Suppose Alice’s trusted root CA is compromised and would be able to issue a fraudulent certificate which matches Alice. What would such certificate be able to achieve, specifically about MITM type attacks?

My assumption is that nothing can happen because the attacker (fake Alice) is missing Bob's certificate to establish the connection in the first place. Is that correct?


  • TLS provides the public key in the initial handshake, so if an attacker is in a position to manipulate traffic they can force a reconnect and get the public key. Compromise of a CA is game over.
    – Steve
    May 7, 2020 at 15:02

1 Answer 1


What would such certificate be able to achieve, specifically about MITM type attacks?

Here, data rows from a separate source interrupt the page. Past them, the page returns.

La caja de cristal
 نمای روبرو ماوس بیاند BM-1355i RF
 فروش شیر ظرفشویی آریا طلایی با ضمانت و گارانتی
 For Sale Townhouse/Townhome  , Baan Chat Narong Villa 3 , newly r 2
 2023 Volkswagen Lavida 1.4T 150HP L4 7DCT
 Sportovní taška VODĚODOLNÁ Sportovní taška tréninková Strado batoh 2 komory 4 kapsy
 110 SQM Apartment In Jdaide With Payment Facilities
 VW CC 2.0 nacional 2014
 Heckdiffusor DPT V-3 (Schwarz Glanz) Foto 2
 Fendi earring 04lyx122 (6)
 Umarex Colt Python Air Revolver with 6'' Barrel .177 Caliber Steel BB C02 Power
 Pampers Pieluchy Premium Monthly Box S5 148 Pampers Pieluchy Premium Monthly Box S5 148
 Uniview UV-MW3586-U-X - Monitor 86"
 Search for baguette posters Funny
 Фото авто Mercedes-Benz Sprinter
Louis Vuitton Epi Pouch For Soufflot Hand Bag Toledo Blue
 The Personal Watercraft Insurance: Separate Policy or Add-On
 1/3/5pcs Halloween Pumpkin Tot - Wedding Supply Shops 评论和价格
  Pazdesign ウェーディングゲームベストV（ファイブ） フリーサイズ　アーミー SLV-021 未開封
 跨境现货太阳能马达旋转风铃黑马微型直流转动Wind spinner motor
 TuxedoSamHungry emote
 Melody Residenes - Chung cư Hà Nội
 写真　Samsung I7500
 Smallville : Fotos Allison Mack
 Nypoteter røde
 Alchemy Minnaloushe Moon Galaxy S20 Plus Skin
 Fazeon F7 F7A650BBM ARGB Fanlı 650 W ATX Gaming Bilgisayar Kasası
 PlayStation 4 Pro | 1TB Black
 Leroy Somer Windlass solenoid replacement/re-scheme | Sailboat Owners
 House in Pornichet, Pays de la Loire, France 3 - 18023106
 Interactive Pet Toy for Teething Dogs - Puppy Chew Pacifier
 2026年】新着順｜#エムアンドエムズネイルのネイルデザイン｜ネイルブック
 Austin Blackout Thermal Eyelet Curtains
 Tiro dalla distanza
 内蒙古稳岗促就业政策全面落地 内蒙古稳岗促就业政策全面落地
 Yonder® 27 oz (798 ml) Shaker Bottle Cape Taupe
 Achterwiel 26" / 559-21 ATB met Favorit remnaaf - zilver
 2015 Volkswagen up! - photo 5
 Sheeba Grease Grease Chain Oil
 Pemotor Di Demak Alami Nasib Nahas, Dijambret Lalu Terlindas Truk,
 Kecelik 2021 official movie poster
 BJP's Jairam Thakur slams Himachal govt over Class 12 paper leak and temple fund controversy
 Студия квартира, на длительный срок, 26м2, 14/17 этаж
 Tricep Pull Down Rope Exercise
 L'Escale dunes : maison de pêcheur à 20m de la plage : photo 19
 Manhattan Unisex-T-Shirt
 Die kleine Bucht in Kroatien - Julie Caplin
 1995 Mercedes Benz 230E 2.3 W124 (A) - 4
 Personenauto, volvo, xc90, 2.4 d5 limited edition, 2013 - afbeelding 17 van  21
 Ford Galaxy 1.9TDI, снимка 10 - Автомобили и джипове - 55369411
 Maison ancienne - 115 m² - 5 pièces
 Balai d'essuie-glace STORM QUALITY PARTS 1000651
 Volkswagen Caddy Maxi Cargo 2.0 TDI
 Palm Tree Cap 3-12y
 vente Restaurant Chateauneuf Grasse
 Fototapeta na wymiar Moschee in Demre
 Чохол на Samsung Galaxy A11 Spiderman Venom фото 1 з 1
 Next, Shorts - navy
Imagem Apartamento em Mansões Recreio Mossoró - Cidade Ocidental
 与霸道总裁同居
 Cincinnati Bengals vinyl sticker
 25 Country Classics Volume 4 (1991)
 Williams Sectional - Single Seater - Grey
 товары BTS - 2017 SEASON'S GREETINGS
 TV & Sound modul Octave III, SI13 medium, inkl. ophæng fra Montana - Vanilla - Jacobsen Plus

For Bob, the attacker is Alice. The attacker says he is Alice, and gives him Alice's certificate. He will ask Bob for his certificate, and Bob will give him.

A compromised CA means anything signed by that CA is compromised, and useless. Every single issued certificate could be compromised, and you cannot tell if they are legit or forged. A compromised CA is a devastating error. It can put a public CA out of business. A private CA compromise will lead to lots of all-nights for the support team, but a public CA almost surely will be out of business.

And why would Bob use a self signed certificate? Or both uses self signed certificates, and exchange them only once (in person, maybe), or let both use CA issued certificates. This mix does not look well.

  • Appreciate your help! Thanks. What happens if both use a different CA? If Alice tries to connect to Bob, he is going to ask the CA if Alice is trustworthy and learns that she is fake. Or am I wrong? I still have trouble to grasp the concept because only one certifcate is compromised hence a connection shouldn't be possible. May 7, 2020 at 16:43
  • It does not matter the CA emitting the certificate. Bob and Alice will have a list of trusted CAs (and a copy of their certificates), and if the incoming certificate is signed by a CA on the list, it's accepted. They don't talk to the CA.